Source material:
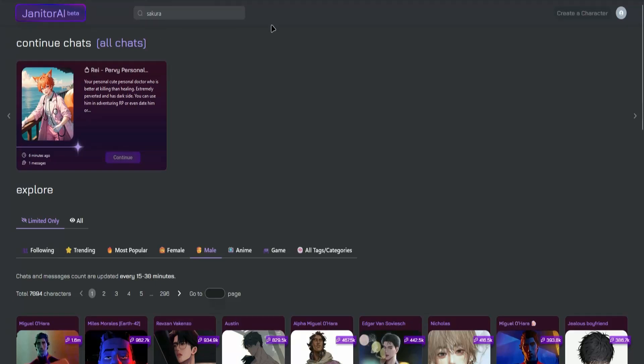Hello everyone, so in today's video I'll show you guys how to create a character in Janitor AI. But before we start, make sure you have an account in Janitor AI. Once you have an account, go to the Janitor AI website.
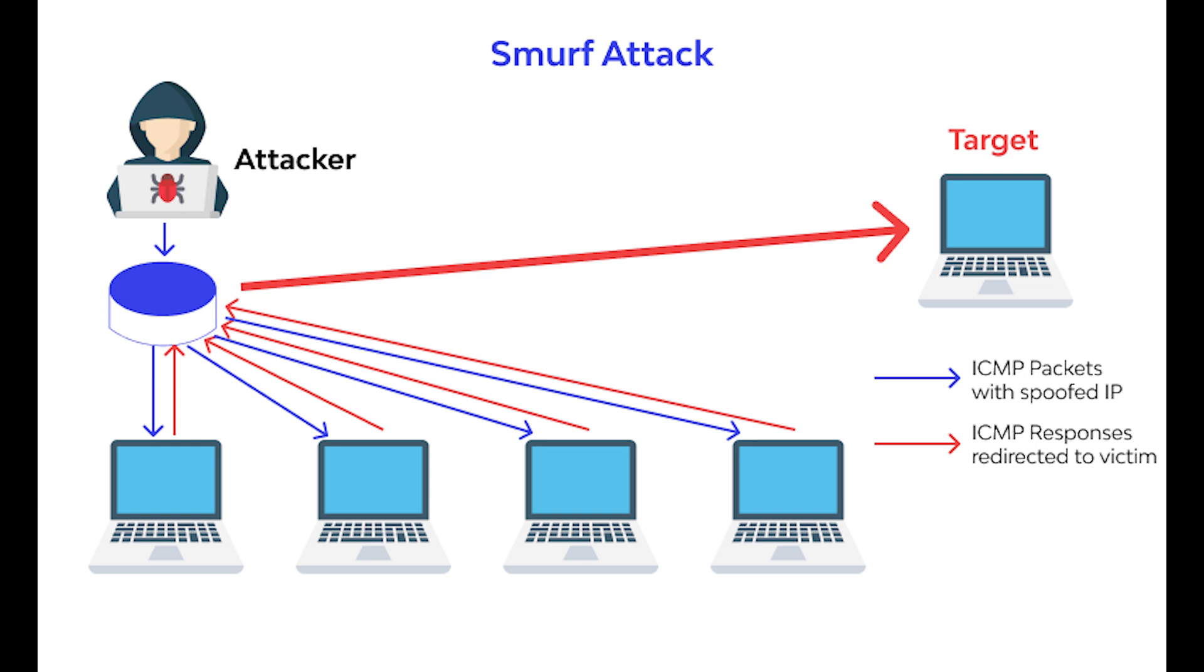You can prevent these attacks by configuring your firewall, adding filters to your router, looking at spoofed packets, and monitoring traffic patterns as well as scanning your network.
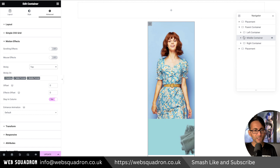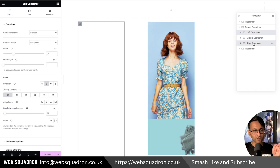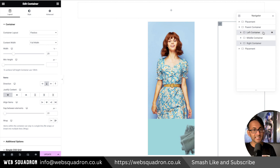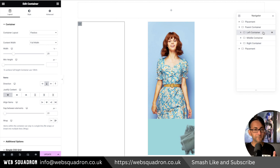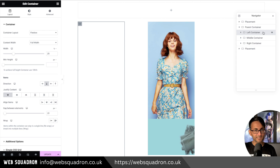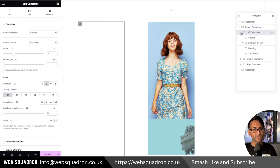Now let's go over to the left container. The left container and the right container are exactly the same. I recommend you create your left container, duplicate it, move it to be after the middle, then go and change the content inside. Here's the left container — let me show you what we have inside.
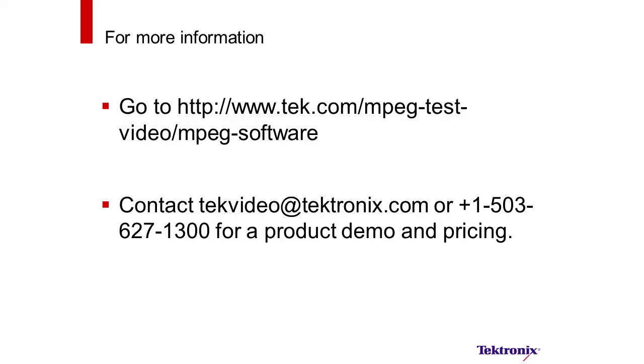So that concludes the summary and overview of the new MTS4E8 version 7, including the new HEVC codec, as well as the H.265, and then also using in tandem the Microsoft Excel application. Thank you.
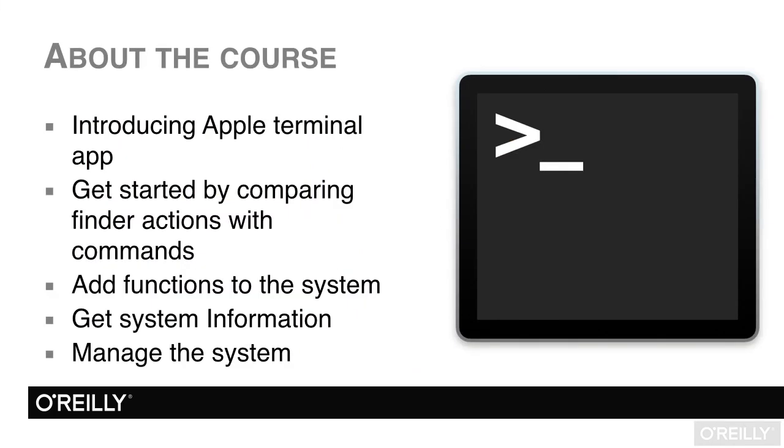Now on to the information about this course. The first two chapters are about getting comfortable with the terminal app and how certain actions map to corresponding actions in the finder. Then we add more command line utilities to our computer and even install the full Xcode development suite.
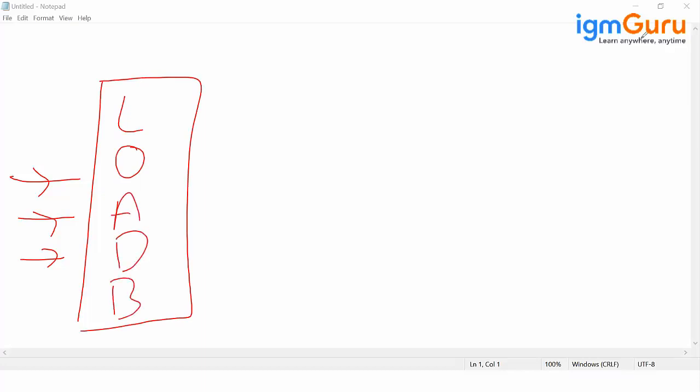Load balancer will see where and which machine is available, and then it will distribute the load. So after load balancer I will have my auto scaling group.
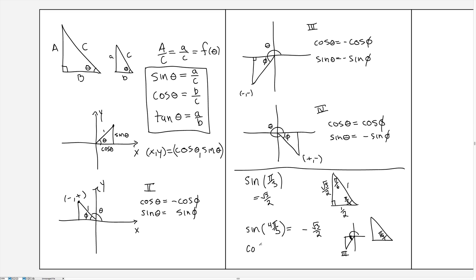Let's also find the cosine of 4 pi over 3. The cosine is the length of the adjacent side, which is 1/2. But we're in the third quadrant again, so both coordinates must be negative. Therefore the cosine of 4 pi over 3 is negative 1/2. In general, as you move to different quadrants with larger angles, you find the reference angle phi, calculate sine and cosine using the triangle definition, and then apply the appropriate plus or minus sign based on which quadrant you're in.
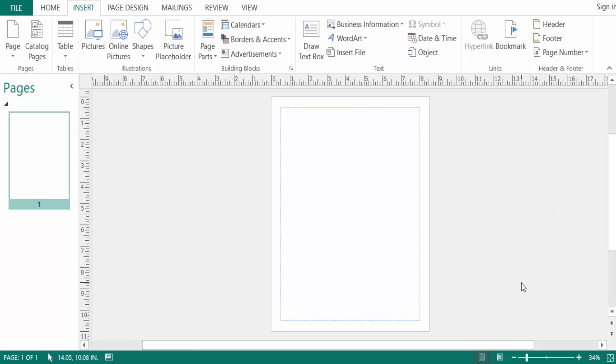Hello everyone, assalamualaikum. This is a Publisher tutorial and in this video today I'll show you how to crop a picture into a circle in Microsoft Publisher. So let's get started. First I open Microsoft Publisher and now you open a picture.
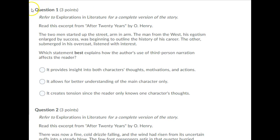Question 1. Refer to explorations in literature for a complete version of the story. Read this excerpt from After Twenty Years by O'Henry.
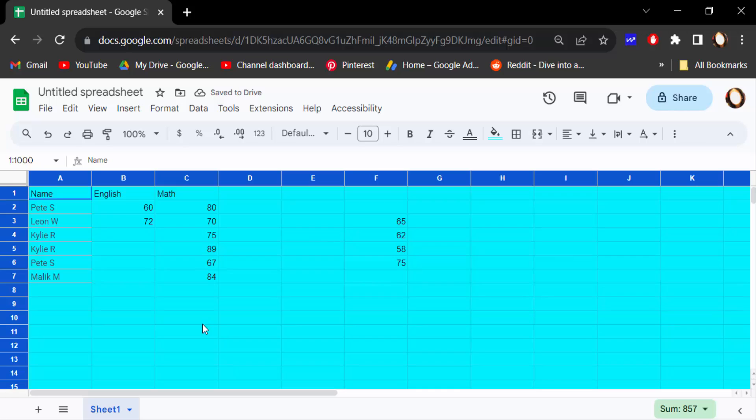So this is the way to do the same color or background color in Google Sheets. I hope you'll enjoy this video. Thanks for watching and don't forget to subscribe to my channel. Thank you.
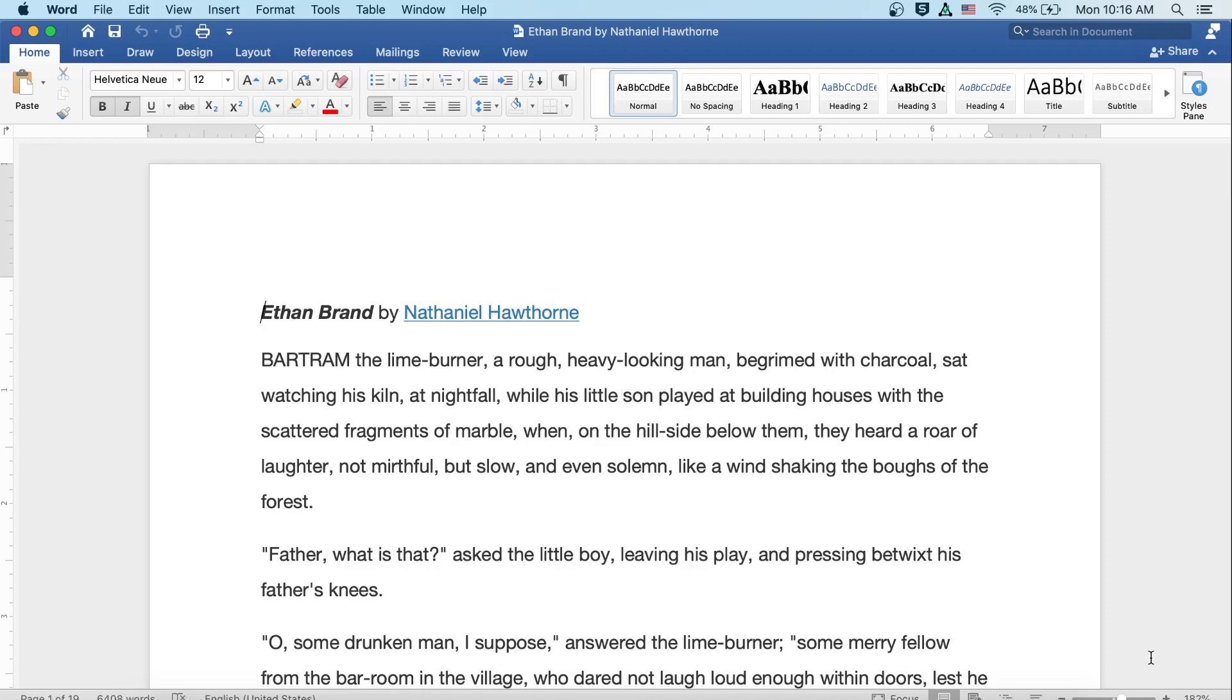Ethan Brand by Nathaniel Hawthorne. Bartram the Limeburner, a rough, heavy-looking man begrimed with charcoal, sat watching his kiln at nightfall, while his little son played at building houses with the scattered fragments of marble, when on the hillside below them they heard a roar of laughter, not mirthful, but slow and even solemn, like a wind shaking the boughs of the forest.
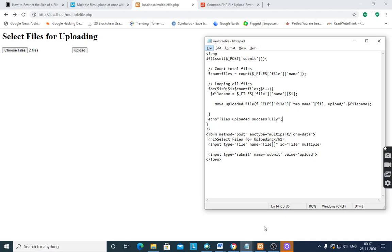Good evening. Today I will discuss multiple file uploading in PHP. We have already seen how to upload a file in PHP one at a time, but here we will see how multiple files are uploaded.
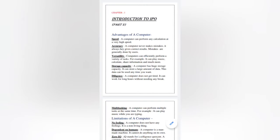First I will introduce myself. Archana Tiwari, subject teacher of Computer NGK from LPM Public School, situated in Gola Bazar, Gorakhpur.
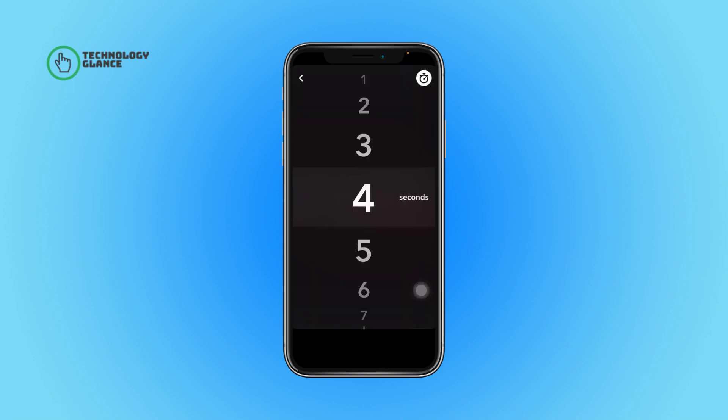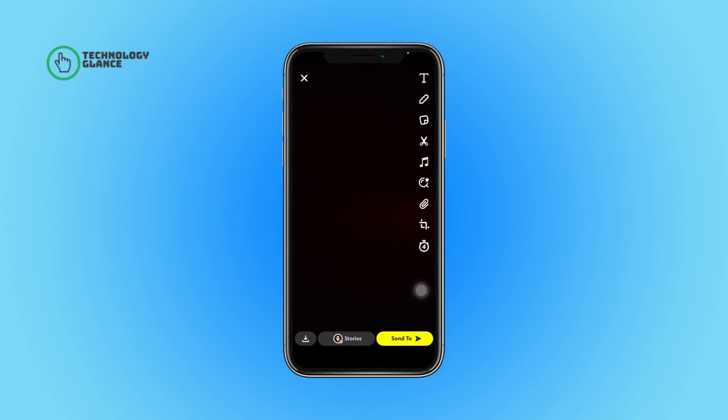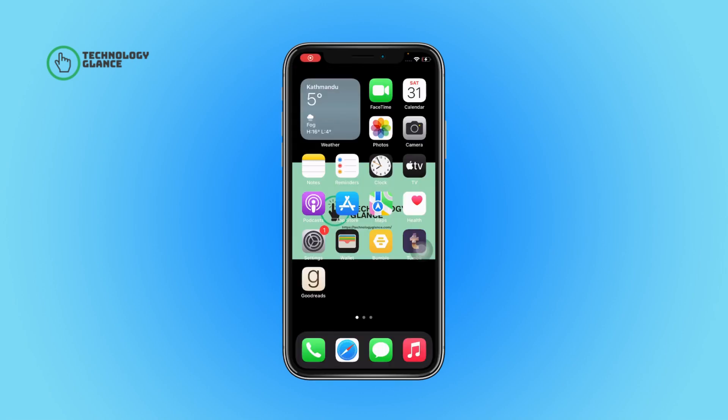After that, tap on the timer icon again and that's it — your snap is now ready to be sent.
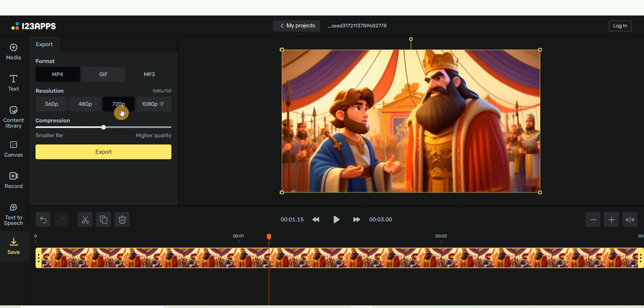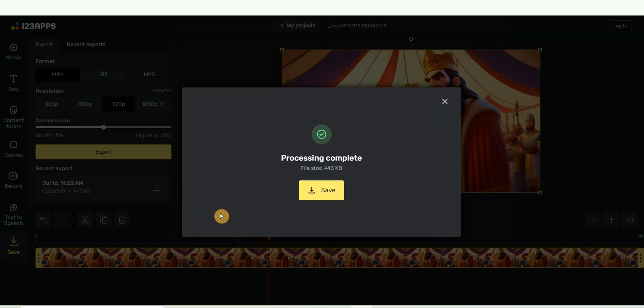But if you have the pro version, you can export it as 1080p. Then click on 'Export'. Once the processing is complete, go ahead and click on 'Save' to save it into your computer.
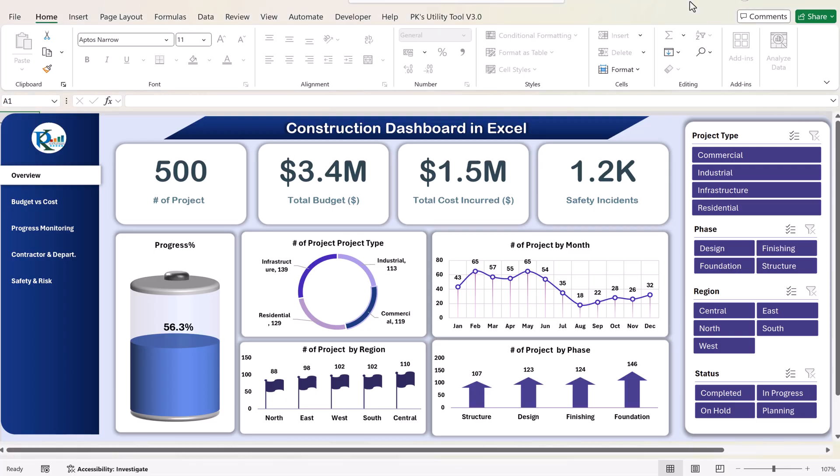Hello friends, welcome back. My name is PK. In this video, I will show you how I have created this construction dashboard in Microsoft Excel. This is a ready-to-use dashboard and you can easily plug in your data. You just need to refresh the dashboard and it will automatically show all the data.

Work item: Pictures aside, write out verbatim every line from the first line of the material through the line holding "Now let's go".

Output for this exercise:
Hello everyone, so in today's video I'll show you guys how to create a character in Janitor AI. But before we start, make sure you have an account in Janitor AI. Once you have an account, go to the Janitor AI website.
You can prevent these attacks by configuring your firewall, adding filters to your router, looking at spoofed packets, and monitoring traffic patterns as well as scanning your network.
Now let's go over to the left container. The left container and the right container are exactly the same. I recommend you create your left container, duplicate it, move it to be after the middle, then go and change the content inside. Here's the left container — let me show you what we have inside.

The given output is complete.